We studied two autopsy cases, each with a low titre of myeloperoxidase anti-neutrophil cytoplasmic antibody (MPO-ANCA) associated with systemic vasculitis. It was difficult to distinguish these cases from classic polyarteritis nodosa. The patients had suffered from continuous fever, malaise, and weight loss: however, their renal insufficiency was clinically mild over the course of their disease. The patients were diagnosed initially as having MPO-ANCA-associated vasculitis and were treated with prednisolone. Their clinical status improved, but unfortunately, they died of an infectious disease. Autopsies revealed systemic vasculitis in small arteries with no signs of necrotizing and crescentic glomerulonephritis.

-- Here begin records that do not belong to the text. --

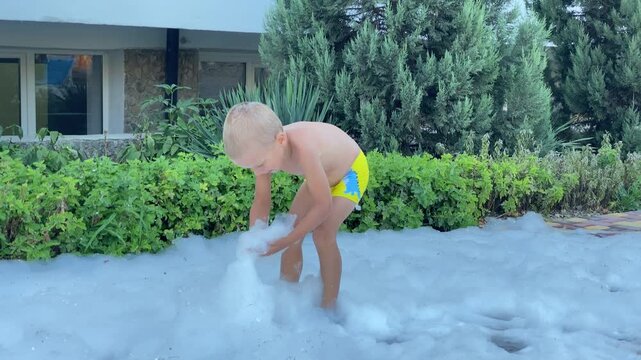 A young boy in yellow swim shorts is standing in a deep layer of white soap foam, holding a handful of it. He is playing an outdoor foam party surrounded by green bushes and a building.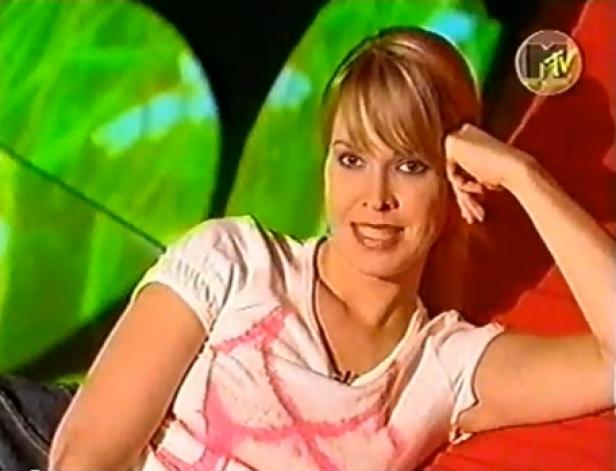 Eine Frau mit blonden Haaren sitzt vor einem MTV-Hintergrund.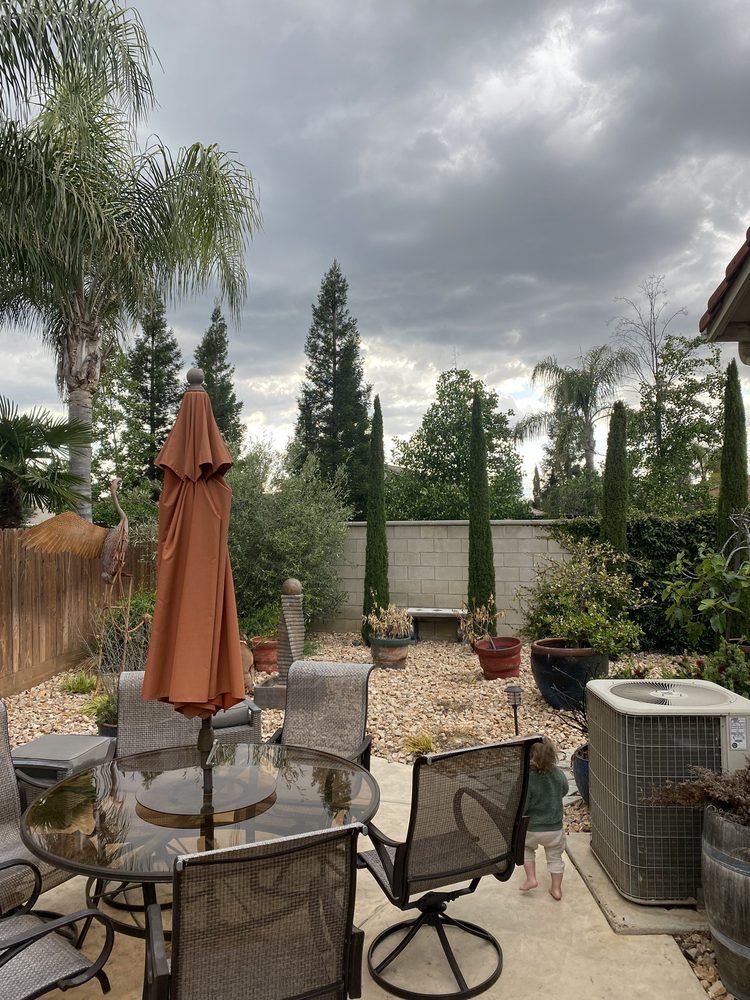Patio with table, umbrella, chairs, potted plants, and a cloudy sky over a gravel garden path.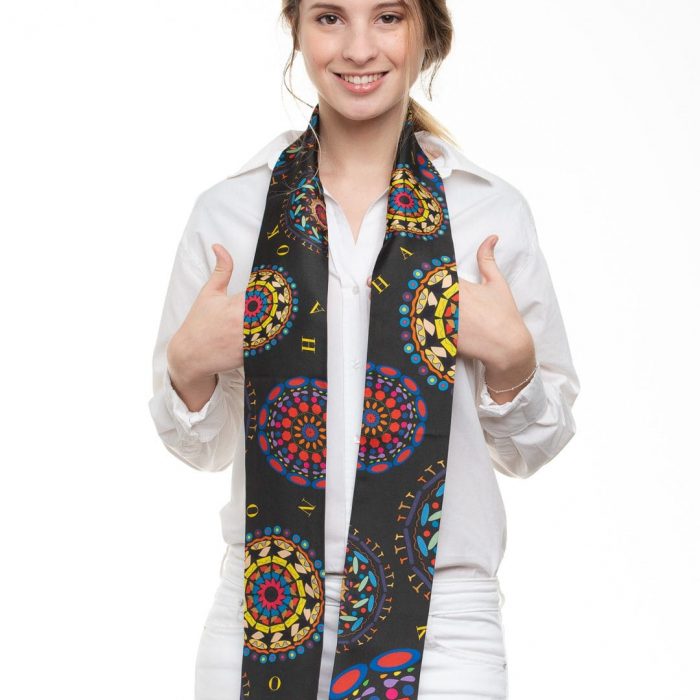 Model wearing the Gratitude twilly knotted on a jacket lapel, highlighting the rhythmic red, yellow, and orange accents.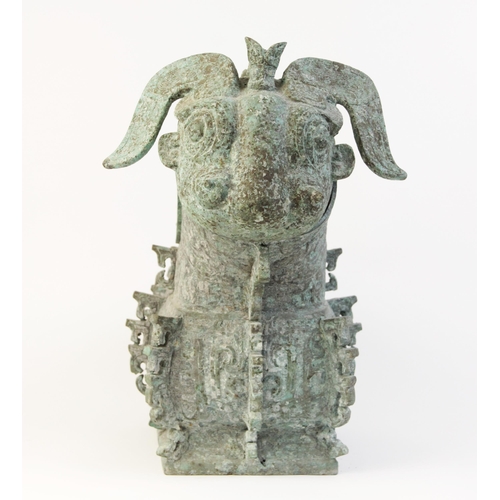 291 - * A large Chinese bronze ritual wine vessel, Guang/Gong, Shang Dynasty style, modelled as a mythical... 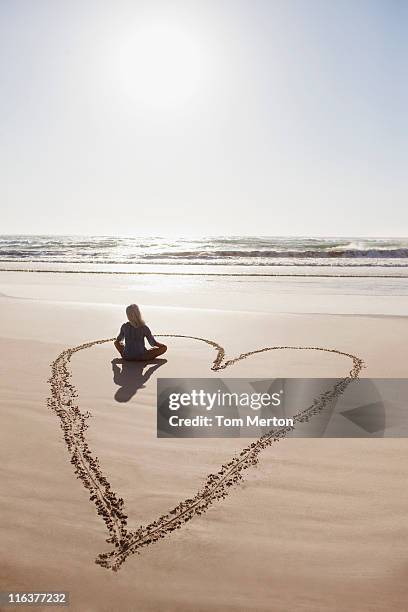 woman sitting cross-legged in heart on beach - woman in love stockfoto's en -beelden
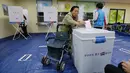 Seorang wanita memasukkan surat suara di sebuah TPS di Seoul, Korea Selatan (Korsel), Selasa (9/5). Warga Korsel menggunakan hak suaranya untuk memilih presiden baru setelah pemakzulan Park Geun-hye yang dijerat skandal korupsi. (AP Photo/Ahn Young-joon)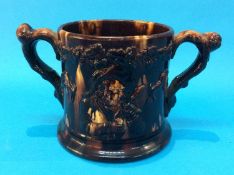 A 19th century two handled 'Frog' Loving cup, decorated with figures and dogs on a brown treacle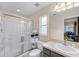 A bathroom features a glass-enclosed shower, a gray vanity with a sink, and a toilet at 423 Paloma Dr, Davenport, FL 33837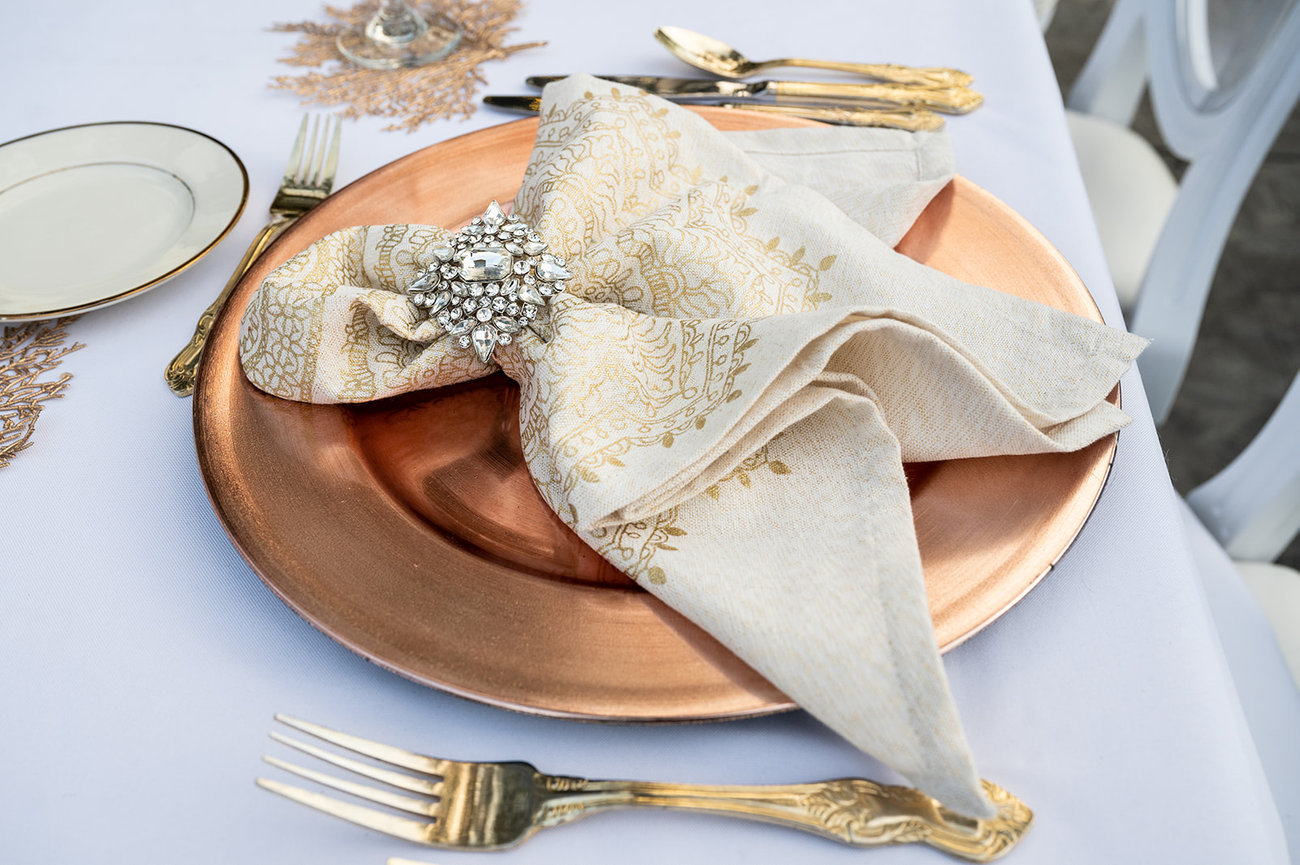 Elegant table setting featuring a copper plate, ornate napkin tied with a decorative brooch, and vintage silverware.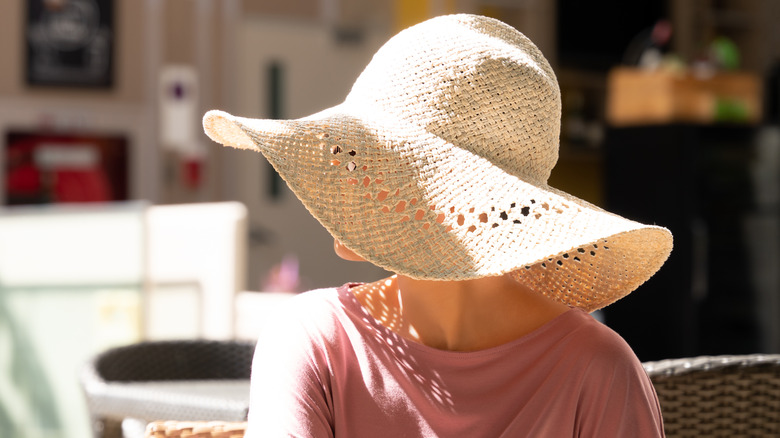 woman wearing sun hat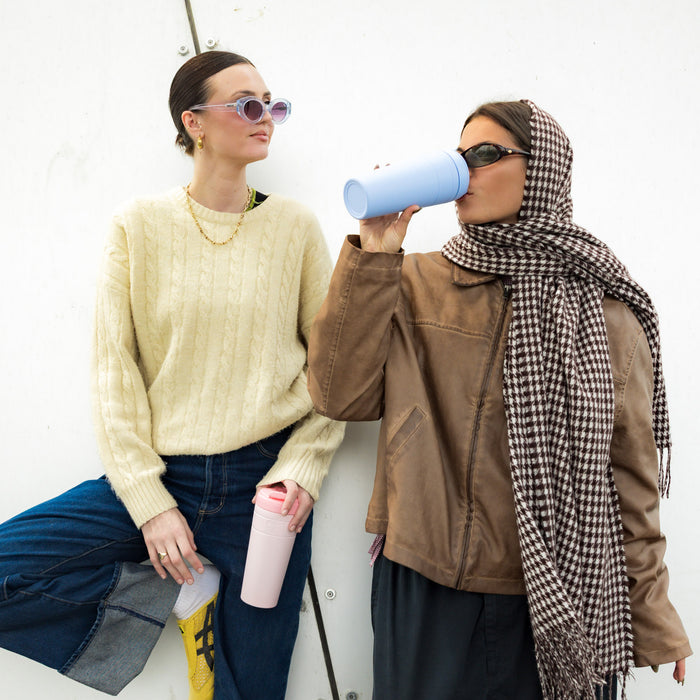 Two women in stylish autumn outfits lean against a white wall, one drinking from a KeepCup Commuter XL in White Pashmak while the other holds one in Orchid, showcasing the cups as fashionable everyday accessories.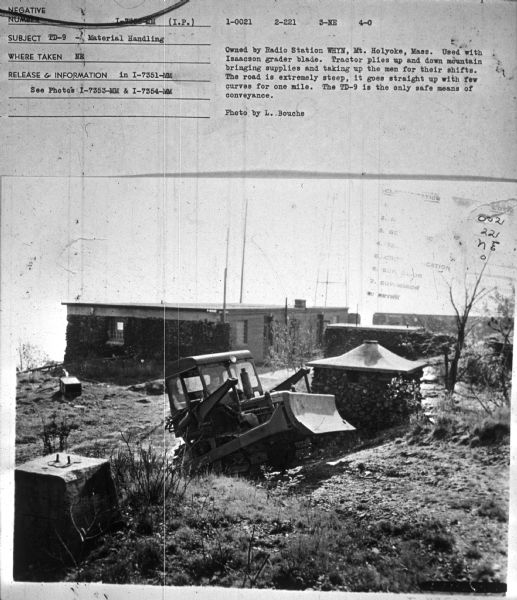 Subject: "TD-9 — Material Handling." Where Taken: "NE." Information with photograph reads: "Owned by Radio Station WHYN, Mt. Holyoke, Mass. Used with Isaacson grader blade. Tractor plies up and down the mountain bringing supplies and taking up the men for their shifts. The road is extremely steep, it goes straight up with few curves for one mile. The TD-9 is the only safe means of conveyance. Photo by L. Bouche." 	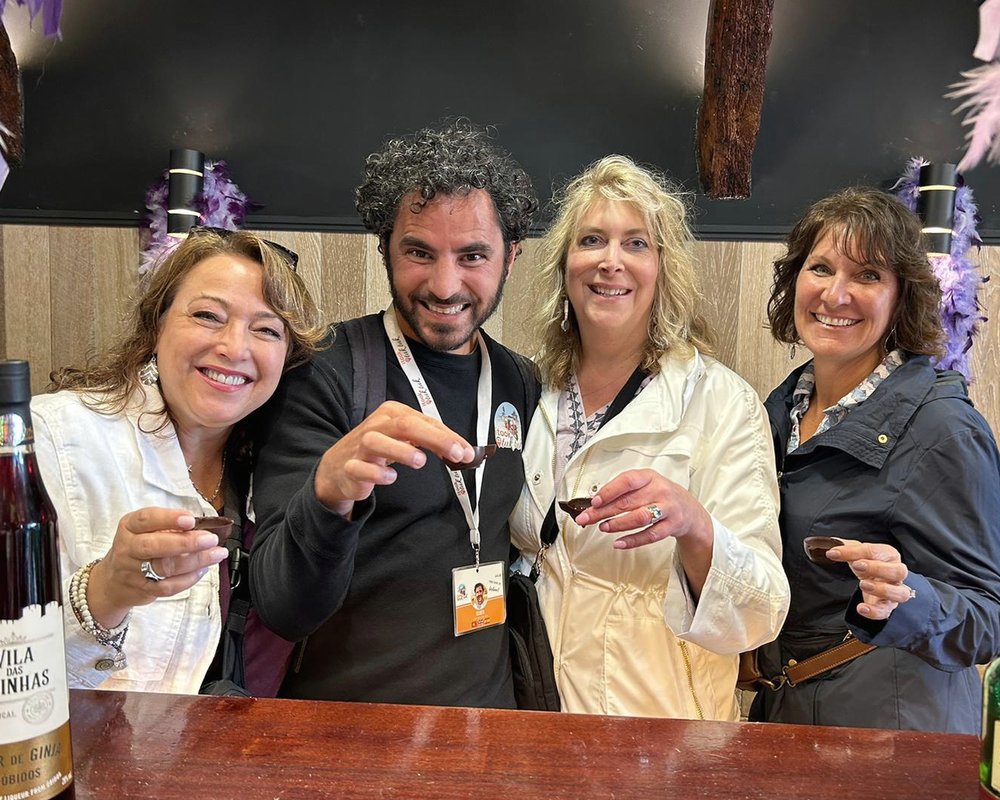 A guide sharing a glass of ginja with four guests around a table in Lisbon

Our pathologist subsequently diagnosed both cases as classic polyarteritis nodosa. Systemic vasculitis associated with MPO-ANCA is usually considered to be a microscopic polyarteritis. However, classic polyarteritis nodosa should always be considered as a possibility for those patients with mild renal insufficiency and a low titre of MPO-ANCA.

[伴有低滴度MPO-ANCA的典型结节性多动脉炎2例]。
我们研究了两个尸检病例,每个病例都有低滴度的髓过氧化物酶抗中性粒细胞细胞质抗体(MPO-ANCA)与系统性血管炎相关。这些病例很难与典型结节性多动脉炎区分。患者有持续发热、不适和体重减轻的症状;然而,在他们的疾病过程中,他们的肾功能不全是临床上轻微的。患者最初被诊断为mpo - anca相关血管炎,并接受泼尼松龙治疗。他们的临床状况有所改善,但不幸的是,他们死于传染病。尸检显示小动脉全身性血管炎,无坏死和新月形肾小球肾炎迹象。我们的病理学家随后诊断为典型的结节性多动脉炎。伴有MPO-ANCA的全身性血管炎通常被认为是显微镜下的多动脉炎。然而,对于轻度肾功能不全和MPO-ANCA滴度低的患者,应始终考虑经典结节性多动脉炎的可能性。
本文章由计算机程序翻译,如有差异,请以英文原文为准。